I feel like very similar versions of this question have been asked, and I have learned a lot while trying to solve this problem, but there is some (probably very basic) concept that I am missing.

Here are three very similar question/answers that are very good:

Extract path from root to leaf in sklearn's agglomerative clustering

Yield all root-to-leaf branches of a Binary Tree

How do you visualize a ward tree from sklearn.cluster.ward_tree?

And there is some great stuff on Mike Bostock's D3 Git: Mike Bostock's D3 Git Repo

Now the specifics of my situation:

I have done some analysis in Python using sklearn Agglomerative Clustering. I am generating the dendrograms I would like to see in MatplotLib:

T=7 T=7 Dendrogram

T=2 T=2 Dendrogram

Now I would like to add those dendrograms and some other functionality to a web site. I have built a site using Django.

I have used some D3 Javascript functionality already to implement a dynamic and interactive Tree Diagram like this one:

https://bl.ocks.org/d3noob/8375092

And I have made it so it loads the information for each branch from a json file. So it is both dynamic and interactive. Interactive Tree Diagram

Now I want to mimic some of that functionality with the info from the Agglomerative Clustering.

I want to:

  1. Make a dendrogram similar to the one from MatplotLib, and make it interactive such that there should be a slider that allows the user to change the T value, and the dendrogram should redraw.

    A. I am open to any suggestions. I can brute force a solution by simply recalculating the dendrogram in Python (as a module inside Django app), saving an image and loading that image on the javascript side in the template. I think there is probably a more elegant solution with D3 but I am running out of time to do research.

  2. Create an interactive Tree Diagram using the info from the clustering. I would like to see the dendrogram far more interactive as a tree. It seems like I should be able to use either the agglo_model.children_ or the linkage_matrix.

agglo_model.children_: 
[[ 35  36][ 13  18][ 19  20]...[ 22  69][ 33  34][ 14  32]]

or the linkage_matrix:
linkage_matrix: 
[[ 35.          36.           0.           2.        ]
 [ 22.          69.           1.73205081   4.        ]
...
 [ 50.          57.           4.47213595   2.        ]
 [  9.          41.           4.69041576   2.        ]
...
 [116.         126.          12.62713128  36.        ]
 [128.         129.          17.97652791  66.        ]]

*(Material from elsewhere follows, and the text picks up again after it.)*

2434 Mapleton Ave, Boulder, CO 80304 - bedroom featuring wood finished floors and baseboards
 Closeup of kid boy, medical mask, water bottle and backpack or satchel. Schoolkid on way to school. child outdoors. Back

The key piece I am missing is how to go from scikit to the following tree format for d3.js

    var treeData = [
  {
    "name": "Top Level",
    "parent": "null",
    "children": [
      {
        "name": "Level 2: A",
        "parent": "Top Level",
        "children": [
          {
            "name": "Son of A",
            "parent": "Level 2: A"
          },
          {
            "name": "Daughter of A",
            "parent": "Level 2: A"
          }
        ]
      },
      {
        "name": "Level 2: B",
        "parent": "Top Level"
      }
    ]
  }
];
  1. Show a clustering diagram on the web page. Basicially I'd like to mimic this page: Agglomerative Clustering and MatplotLib Diagrams and Dendrograms with interactive javascript.

Again - any suggestions appreciated.


Solution

  • There's a lot to this question but I think it boils down to how can one get the data from a linkage matrix into a d3 tree diagram?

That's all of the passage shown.